Revlon’s second quarter results struggled under the weight of charges, currency translations and falling sales in Europe and Asia, the Americas performance did help fend off bigger losses.
As a result Revlon announced actions to drive operating efficiencies, which will see it withdraw from some manufacturing facilities and cut its workforce.
Restructuring and rightsizing
The New York-based firm will be exiting its owned manufacturing facility in France and its leased manufacturing facility in Maryland, moving manufacturing from those facilities to other Revlon facilities and third parties.
It will also reduce the workforce at its French and Italian organizations and realign its operations in Latin America, including consolidating Latin America and Canada into a single region.

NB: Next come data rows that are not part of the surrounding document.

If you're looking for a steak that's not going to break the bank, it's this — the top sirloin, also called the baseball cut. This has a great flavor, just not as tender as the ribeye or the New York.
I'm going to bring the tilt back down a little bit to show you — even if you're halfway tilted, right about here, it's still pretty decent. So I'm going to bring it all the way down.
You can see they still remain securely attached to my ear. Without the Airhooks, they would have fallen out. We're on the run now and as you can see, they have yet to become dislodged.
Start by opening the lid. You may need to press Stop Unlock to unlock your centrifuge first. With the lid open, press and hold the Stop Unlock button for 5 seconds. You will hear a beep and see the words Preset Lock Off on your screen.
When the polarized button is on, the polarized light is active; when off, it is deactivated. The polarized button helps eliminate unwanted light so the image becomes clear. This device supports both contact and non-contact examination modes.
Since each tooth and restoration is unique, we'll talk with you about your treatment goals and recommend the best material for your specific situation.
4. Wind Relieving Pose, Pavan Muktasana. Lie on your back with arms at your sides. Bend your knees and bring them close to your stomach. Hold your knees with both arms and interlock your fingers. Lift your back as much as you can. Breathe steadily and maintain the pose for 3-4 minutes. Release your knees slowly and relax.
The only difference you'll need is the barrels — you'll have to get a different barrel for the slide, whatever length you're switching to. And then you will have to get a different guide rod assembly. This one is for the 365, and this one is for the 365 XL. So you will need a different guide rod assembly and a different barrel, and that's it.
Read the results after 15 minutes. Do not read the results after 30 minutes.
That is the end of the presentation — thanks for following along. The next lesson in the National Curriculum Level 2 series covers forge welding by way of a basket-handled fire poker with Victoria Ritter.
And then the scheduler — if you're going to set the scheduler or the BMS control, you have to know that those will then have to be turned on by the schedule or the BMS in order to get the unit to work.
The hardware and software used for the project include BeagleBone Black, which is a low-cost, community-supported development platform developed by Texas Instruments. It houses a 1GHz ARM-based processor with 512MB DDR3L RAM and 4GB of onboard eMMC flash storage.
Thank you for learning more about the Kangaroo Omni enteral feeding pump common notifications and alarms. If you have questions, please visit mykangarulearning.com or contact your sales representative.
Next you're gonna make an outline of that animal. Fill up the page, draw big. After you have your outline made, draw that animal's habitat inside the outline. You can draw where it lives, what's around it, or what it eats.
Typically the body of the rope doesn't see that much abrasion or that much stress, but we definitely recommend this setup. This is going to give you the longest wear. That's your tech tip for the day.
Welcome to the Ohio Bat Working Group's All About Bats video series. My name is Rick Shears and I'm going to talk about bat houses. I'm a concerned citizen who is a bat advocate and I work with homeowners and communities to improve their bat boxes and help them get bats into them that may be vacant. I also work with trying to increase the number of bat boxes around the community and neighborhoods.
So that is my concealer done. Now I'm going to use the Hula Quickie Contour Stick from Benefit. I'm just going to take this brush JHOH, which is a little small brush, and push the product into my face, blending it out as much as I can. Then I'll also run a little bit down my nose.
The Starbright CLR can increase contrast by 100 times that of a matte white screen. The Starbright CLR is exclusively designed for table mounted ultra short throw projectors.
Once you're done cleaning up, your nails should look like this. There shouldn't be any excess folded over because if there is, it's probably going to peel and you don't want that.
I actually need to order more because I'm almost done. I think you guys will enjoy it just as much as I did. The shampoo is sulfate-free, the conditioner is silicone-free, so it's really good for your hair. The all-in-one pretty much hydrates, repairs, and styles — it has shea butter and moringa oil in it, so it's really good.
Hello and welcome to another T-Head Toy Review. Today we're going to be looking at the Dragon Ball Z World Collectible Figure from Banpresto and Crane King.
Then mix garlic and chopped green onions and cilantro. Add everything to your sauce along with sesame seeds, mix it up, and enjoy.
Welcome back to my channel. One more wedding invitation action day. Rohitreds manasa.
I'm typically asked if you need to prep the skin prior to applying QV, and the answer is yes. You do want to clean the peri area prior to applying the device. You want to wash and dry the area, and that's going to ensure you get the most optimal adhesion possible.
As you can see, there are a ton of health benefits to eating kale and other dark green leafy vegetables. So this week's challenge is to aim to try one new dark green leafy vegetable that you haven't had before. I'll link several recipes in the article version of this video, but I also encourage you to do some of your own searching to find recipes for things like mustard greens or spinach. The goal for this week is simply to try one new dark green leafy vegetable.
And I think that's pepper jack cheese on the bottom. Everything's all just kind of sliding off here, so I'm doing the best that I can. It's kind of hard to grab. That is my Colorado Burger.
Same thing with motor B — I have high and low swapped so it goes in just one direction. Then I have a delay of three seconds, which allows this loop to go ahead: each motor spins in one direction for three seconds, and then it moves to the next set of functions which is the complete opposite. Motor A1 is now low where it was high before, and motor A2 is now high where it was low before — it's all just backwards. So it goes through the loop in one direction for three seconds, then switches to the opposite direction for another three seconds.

These actions will result in eliminating approximately 250 positions. Restructuring and related charges, which will be recognized in the third quarter of 2012, are expected to be approximately $25 million comprised of $19 million in employee-related costs and $6 million in other costs, including asset write-offs.
Part of the bigger picture
Of the total charge of $25 million, $23 million will be cash that will be paid out over the next twelve months.
Revlon President and CEO, Alan Ennis explains that it is all part of an overall strategy to grow the business profitably.
“These actions will enable us to continue to invest in the execution of our strategy while maintaining highly competitive margins,” he says.
In the second quarter, net sales for the period were $357.1m, compared to a figure of $351.2m in the corresponding period last year. This figure represented a 1.7 per cent increase in sales, accounting for a $9.0m hit from fluctuations that otherwise would have seen sales rise by 4.2 percent.
The company said that its operating income was hit by a $6.7m charge for a pending litigation, giving a final figure of $42.8m, compared to a figure of $47.8m in the corresponding period last year.